When I write about the need for plan sponsors to understand their responsibilities as plan fiduciaries and their potential liability if they ignore their duties, I hear the same complaints about my ideas. The complaint which was even leveled by other ERISA attorneys is that small 401(k) plans never get sued over plan costs or a failed ERISA Section 404(c) process for participant-directed plans.

While I don’t suspect that best ERISA class action litigators will bother with a $2 million 401(k) plan, one of the major reasons that small plans haven’t been sued is that ERISA litigators haven’t gotten there yet. They are too busy with larger plans and I assume that once the larger plans are taken care of, some ERISA litigators will pursue smaller ones. I have already seen one litigator placing ads trying to solicit potential clients who are participants in 401(k) plans using insurance company platforms. So while smaller plans haven’t been targeted yet, who is to say that trend will continue?

In addition when it comes to litigation against smaller plans, perhaps people think too big. Perhaps the litigation is more of the nuisance kind, perhaps as a threat of litigation by a former, aggrieved employee with no hopes of taking it to court and just trying to settle it for $25,000 or less.
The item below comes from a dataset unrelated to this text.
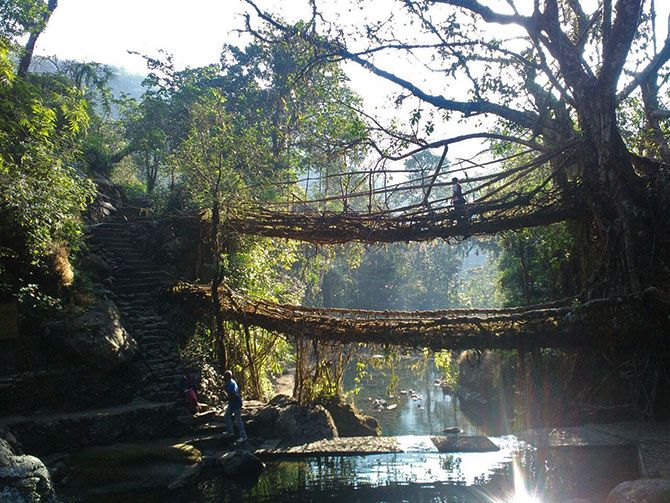 The double layered root bridges of Nongriat village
For example, I worked for a third-party administration firm that had a penchant for getting sued by former employees (no, not me). I remember one administrator who was an Orthodox Jew who was a bit incompetent and a lot insubordinate. For one reason, he took some time off and agreed to make up hours by working on Sundays. The problem was that he wasn’t there when he said was there (the front door records don’t lie), so he was terminated. So instead of going away quietly, he hired an attorney and threatened litigation. He claims that he was fired because he was an Orthodox Jew. Well, the owners of the company were Jewish and while I was never their fan, they went out of the way for him because he was Jewish. The case was frivolous, but my bosses paid him $4,000 to go away. They wrote it off as a nuisance value because hiring an attorney to defend a lawsuit would cost more than $4,000. So suppose when times are tough and employees are either laid off or terminated or cost, what would stop a former employee from threatening litigation against the employer because the employer never bothered to implement an investment policy statement for their participant-directed 401(k) plan or bothered to review the investment options or offer any participant education. Am I that far off? Aggrieved former employees have sued or threatened to sue for less. So perhaps the potential liability for small plans that plan sponsors need to be concerned with are not class action lawsuits, but nuisance threats. Plan sponsors don’t have to give a weapon to aggrieved former employees if they don’t load the gun with a poorly managed retirement plan.